The holarchy framework was proposed by Koestler [1] as an alternative to hierarchy in recognizing the semi-autonomous characteristic of components of biological and social systems, including organizations, organisms, and cells. Each of these entities is considered a holon since each is a complex system with operational and managerial independence wherein each system is seeking to optimize objectives at its respective holarchic level [2]. As such, a holon is simultaneously a part and a whole in itself and arises from the collaboration of its complex sub-systems and super-systems. This framework has been commonly applied to information systems of intelligent manufacturing systems [3,4,5] and of supply chain management systems [6,7,8] and, more recently, to energy systems such as microgrids [9]. Holarchy has also been used to analyze the means for improving the resilience of social-ecological systems [10,11], including how to alleviate congestion, ineffective distribution of resources, and environmental pollution in cities [12]. Holarchy was introduced to industrial ecology by the works of Kay [13] and Spiegelman [14] to study socio-economic systems as self-organizing, holarchic, open (SOHO) systems.
It is widely recognized that quantifying the material flows into and from a jurisdictional region such as a city or country is not a simple matter.

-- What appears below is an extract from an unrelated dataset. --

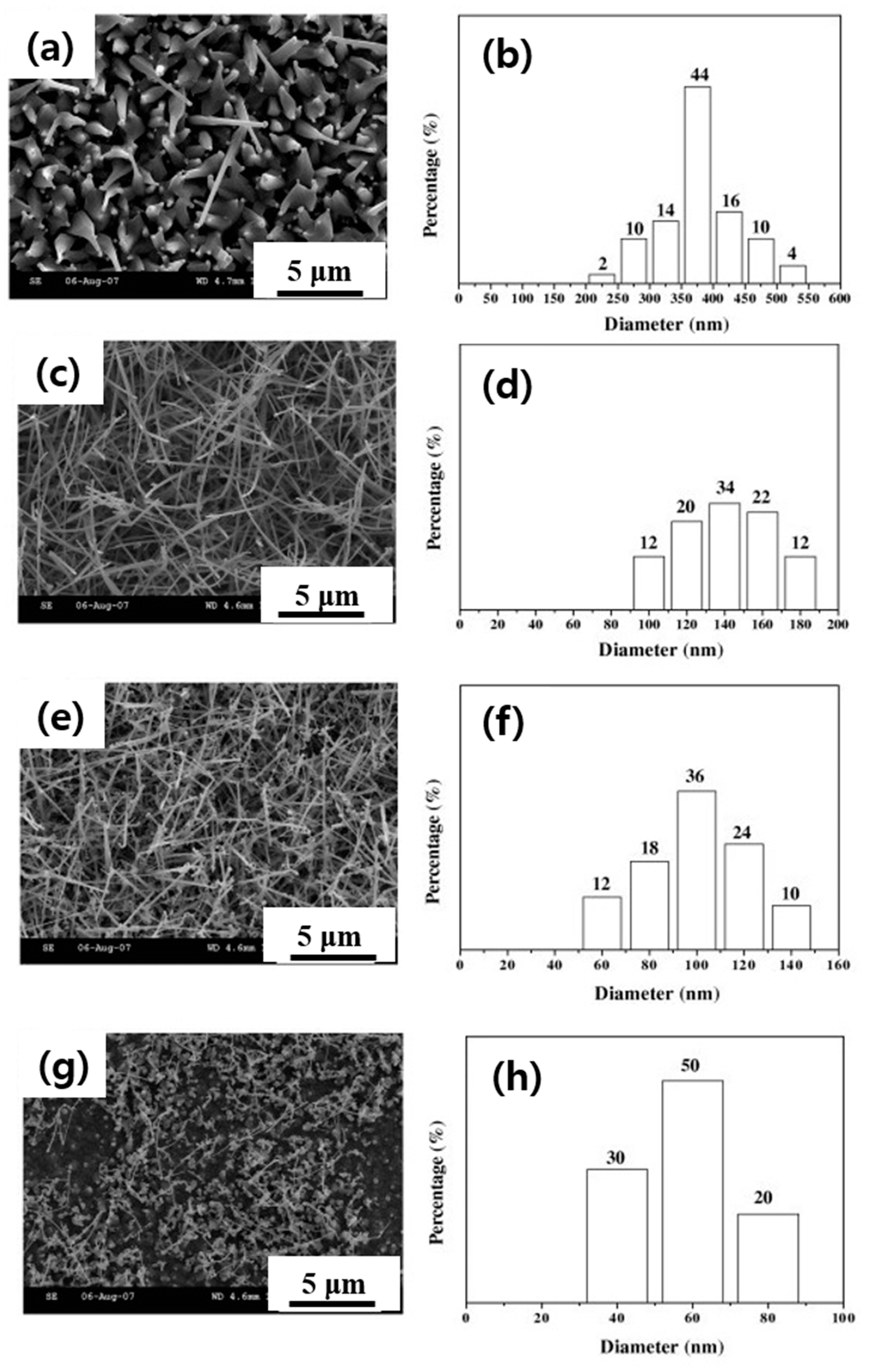 Materials 16 06233 g017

The challenge is one of data availability, which could result from (1) a simple lack of effort in data collection, (2) data collected but in insufficient detail for the intended purpose, or (3) the difficulty of monitoring flows across porous jurisdictional boundaries. In principle, a promising way of addressing the data challenge is by focusing on islands, which have clearly defined physical boundaries and, often, a small number of locations (ports, airports) where material flows need to be monitored [15]. The methodological utility of island boundaries was, of course, recognized by Darwin in his studies of finches in the Galapagos Archipelago. A nice summary of his work is given by Grant and Estes [16]. Examples of island-based MFAs that demonstrate this efficacy include those of Singh et al. [17], Lenzen [18], Krausmann et al. [19], Nielsen and Jørgensen [20], and Cecchin [21].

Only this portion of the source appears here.